▶ **Stored entries**:
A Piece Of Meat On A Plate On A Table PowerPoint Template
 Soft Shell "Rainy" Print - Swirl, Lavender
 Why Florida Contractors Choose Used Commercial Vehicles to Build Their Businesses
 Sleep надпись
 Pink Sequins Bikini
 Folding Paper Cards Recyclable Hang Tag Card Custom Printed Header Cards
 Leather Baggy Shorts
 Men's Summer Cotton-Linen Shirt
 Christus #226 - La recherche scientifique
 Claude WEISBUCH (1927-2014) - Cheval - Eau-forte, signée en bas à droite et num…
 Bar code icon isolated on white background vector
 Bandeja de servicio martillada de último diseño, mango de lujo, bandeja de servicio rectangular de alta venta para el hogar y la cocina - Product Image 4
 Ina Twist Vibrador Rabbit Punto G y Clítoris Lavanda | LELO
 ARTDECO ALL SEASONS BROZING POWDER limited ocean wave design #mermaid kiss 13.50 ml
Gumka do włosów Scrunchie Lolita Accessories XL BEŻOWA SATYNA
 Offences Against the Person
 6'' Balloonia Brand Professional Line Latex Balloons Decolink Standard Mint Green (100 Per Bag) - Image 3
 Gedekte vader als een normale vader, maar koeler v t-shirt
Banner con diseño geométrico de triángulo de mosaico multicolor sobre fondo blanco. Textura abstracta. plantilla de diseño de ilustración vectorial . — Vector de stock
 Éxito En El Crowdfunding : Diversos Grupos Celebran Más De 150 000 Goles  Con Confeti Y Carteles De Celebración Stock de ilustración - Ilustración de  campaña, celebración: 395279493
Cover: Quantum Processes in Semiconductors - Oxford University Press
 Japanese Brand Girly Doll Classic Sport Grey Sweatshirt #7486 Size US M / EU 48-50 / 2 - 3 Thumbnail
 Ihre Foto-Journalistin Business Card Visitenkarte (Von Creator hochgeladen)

▶ **Exercise description**:
The data above must be repeated in its entirety, exactly as given.

▶ **Exercise result**:
A Piece Of Meat On A Plate On A Table PowerPoint Template
 Soft Shell "Rainy" Print - Swirl, Lavender
 Why Florida Contractors Choose Used Commercial Vehicles to Build Their Businesses
 Sleep надпись
 Pink Sequins Bikini
 Folding Paper Cards Recyclable Hang Tag Card Custom Printed Header Cards
 Leather Baggy Shorts
 Men's Summer Cotton-Linen Shirt
 Christus #226 - La recherche scientifique
 Claude WEISBUCH (1927-2014) - Cheval - Eau-forte, signée en bas à droite et num…
 Bar code icon isolated on white background vector
 Bandeja de servicio martillada de último diseño, mango de lujo, bandeja de servicio rectangular de alta venta para el hogar y la cocina - Product Image 4
 Ina Twist Vibrador Rabbit Punto G y Clítoris Lavanda | LELO
 ARTDECO ALL SEASONS BROZING POWDER limited ocean wave design #mermaid kiss 13.50 ml
Gumka do włosów Scrunchie Lolita Accessories XL BEŻOWA SATYNA
 Offences Against the Person
 6'' Balloonia Brand Professional Line Latex Balloons Decolink Standard Mint Green (100 Per Bag) - Image 3
 Gedekte vader als een normale vader, maar koeler v t-shirt
Banner con diseño geométrico de triángulo de mosaico multicolor sobre fondo blanco. Textura abstracta. plantilla de diseño de ilustración vectorial . — Vector de stock
 Éxito En El Crowdfunding : Diversos Grupos Celebran Más De 150 000 Goles  Con Confeti Y Carteles De Celebración Stock de ilustración - Ilustración de  campaña, celebración: 395279493
Cover: Quantum Processes in Semiconductors - Oxford University Press
 Japanese Brand Girly Doll Classic Sport Grey Sweatshirt #7486 Size US M / EU 48-50 / 2 - 3 Thumbnail
 Ihre Foto-Journalistin Business Card Visitenkarte (Von Creator hochgeladen)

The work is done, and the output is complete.